### WORK ORDER
Everything from the line that contains "NDZ Performance coupon" through the final line of the records below should be quoted exactly, except the pictures.
┌──
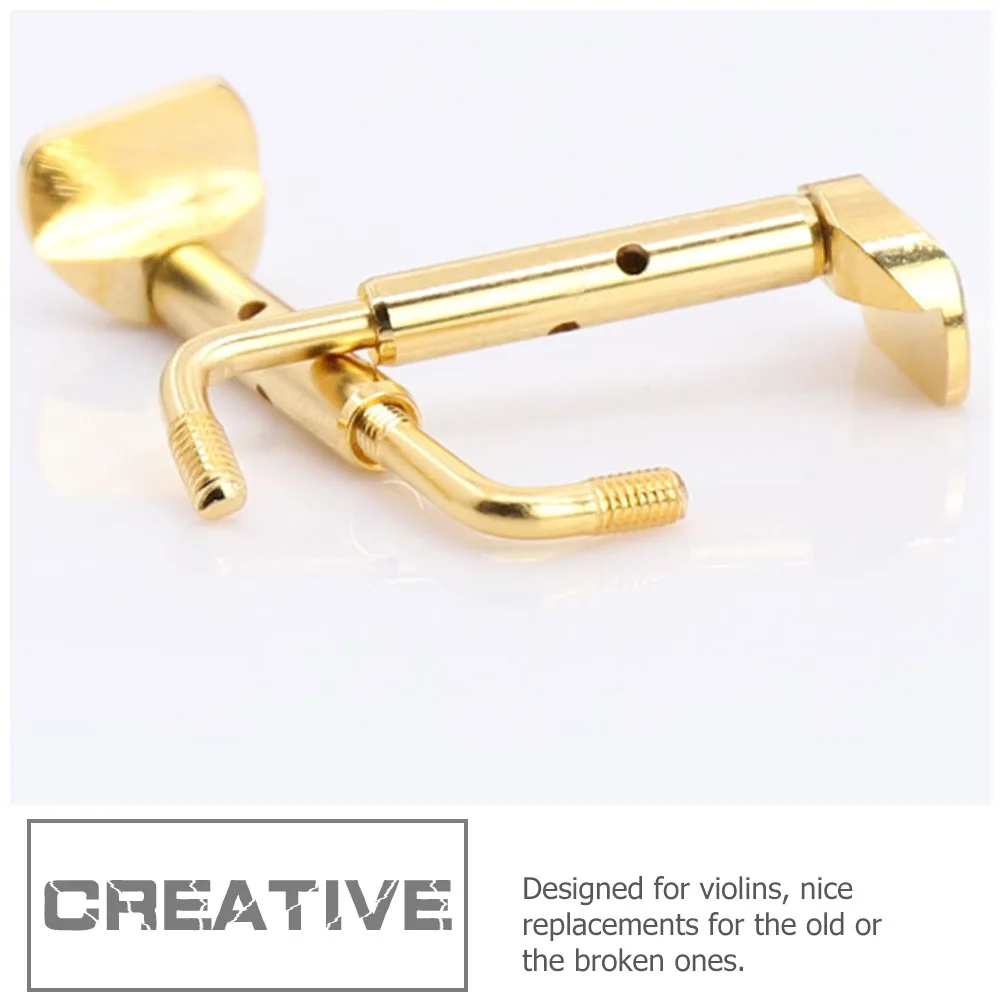 

2 Pcs Violin Parts Chin Rest Screw Musical Instrument Tail and Screws Golden Zinc Alloy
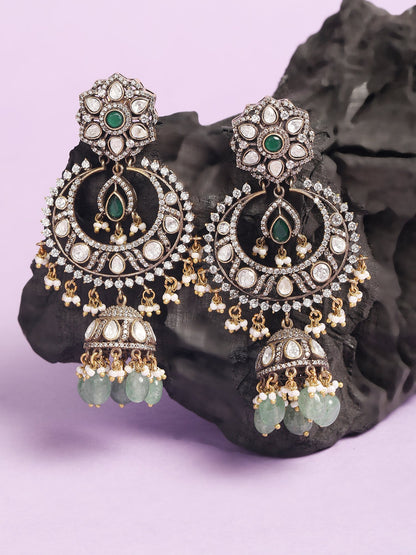 Rhodium Plated Green Stone Jhumkas - Auraa Trends - Earring Set - # - Auraa Trends - Rhodium Plated Green Stone Jhumkas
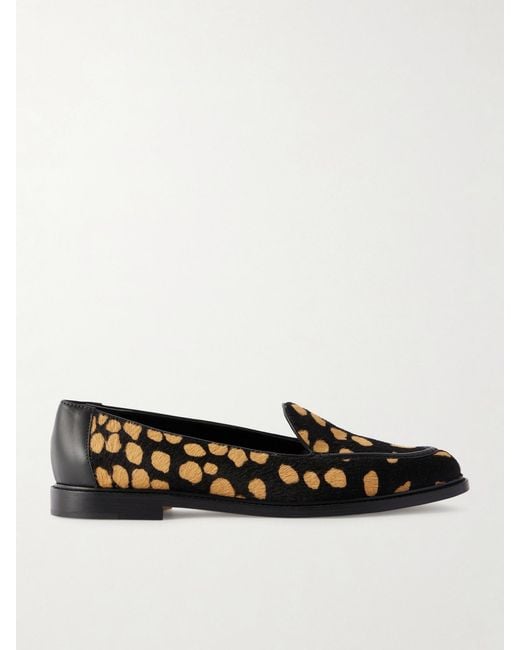 Manolo Blahnik White Maxy Leather-Trimmed Leopard-Print Calf Hair Loafers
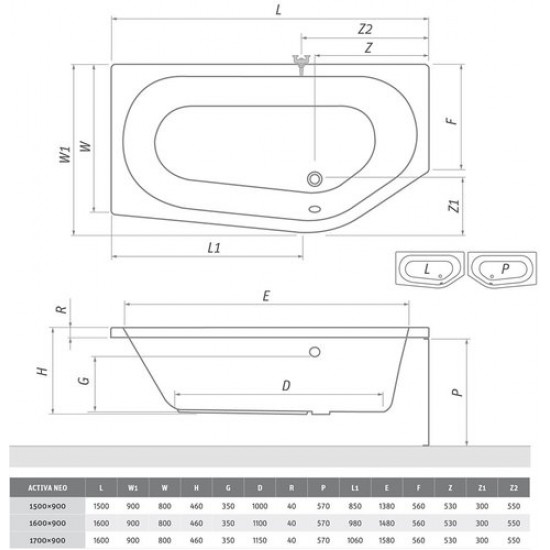 Ванна акриловая Roth (Roltechnik) Activa Neo 170x90 (левая)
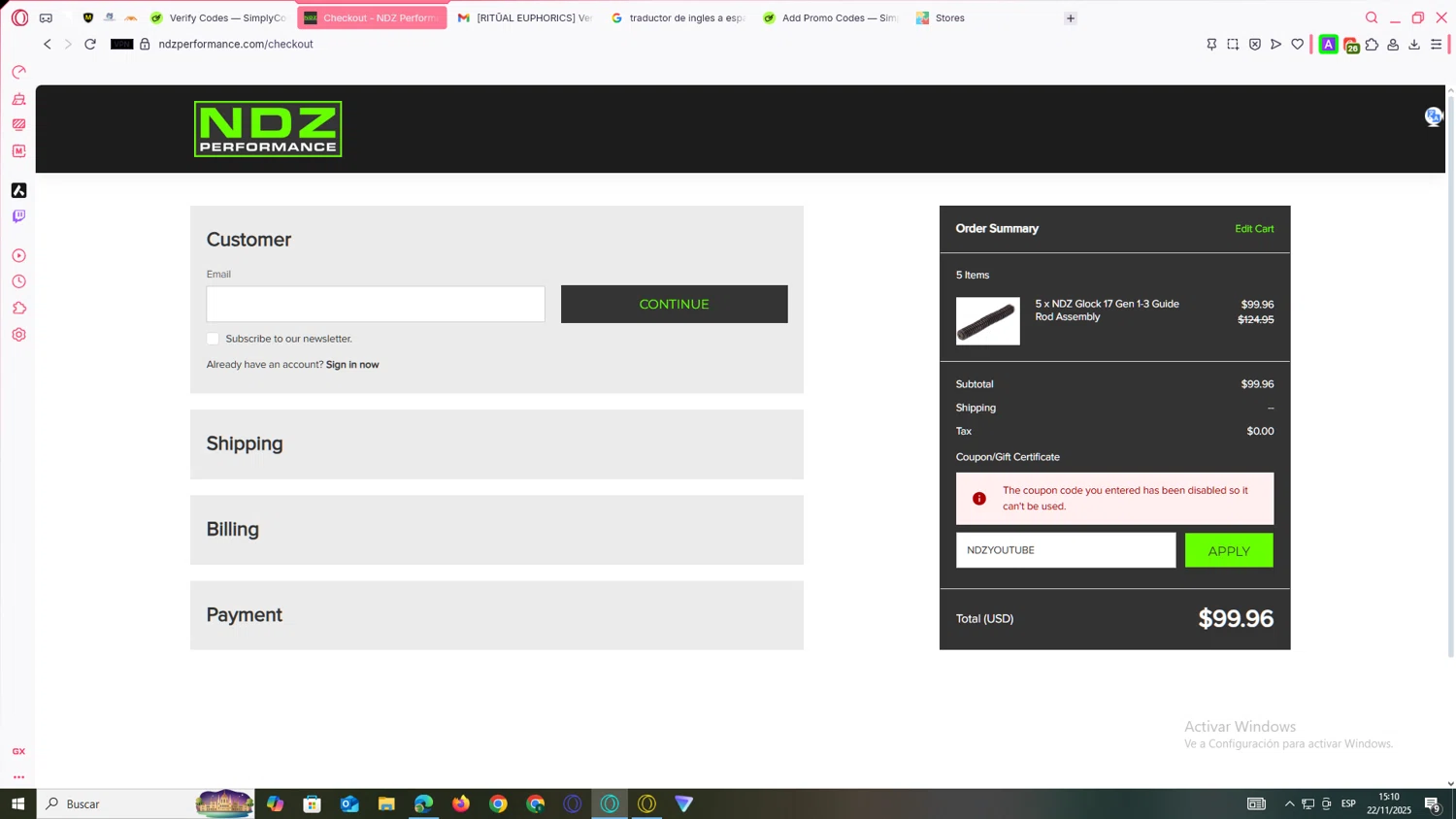 NDZ Performance coupon code screenshot showing code NDZYOUTUBE applied at NDZ Performance checkout page. Uploaded by SimplyCodes community member yanetrod on Nov 22, 2025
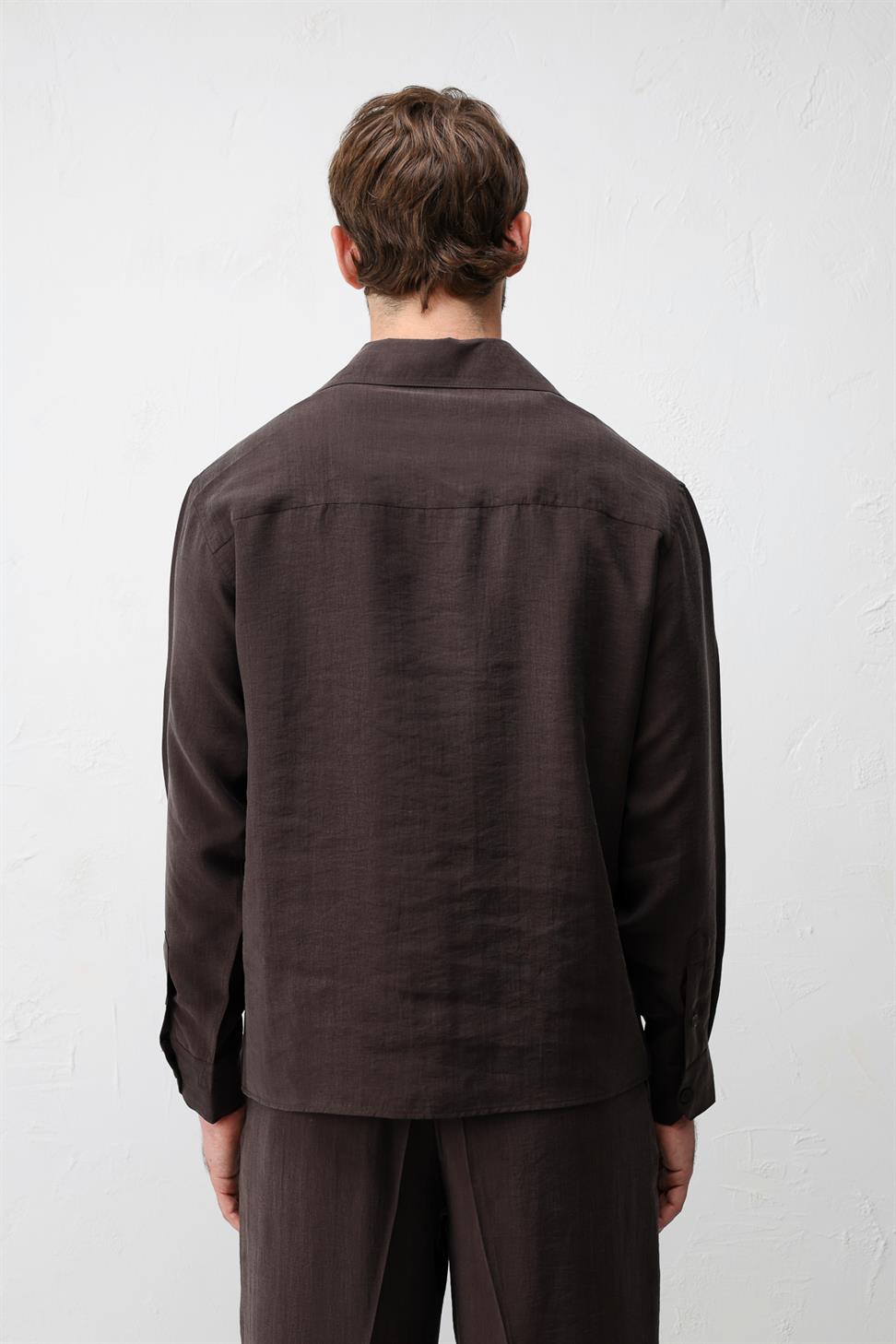 Lyocell Blend Wide Collar Mens Shirt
└──
### PROBLEM SOLUTION
 NDZ Performance coupon code screenshot showing code NDZYOUTUBE applied at NDZ Performance checkout page. Uploaded by SimplyCodes community member yanetrod on Nov 22, 2025
 Lyocell Blend Wide Collar Mens Shirt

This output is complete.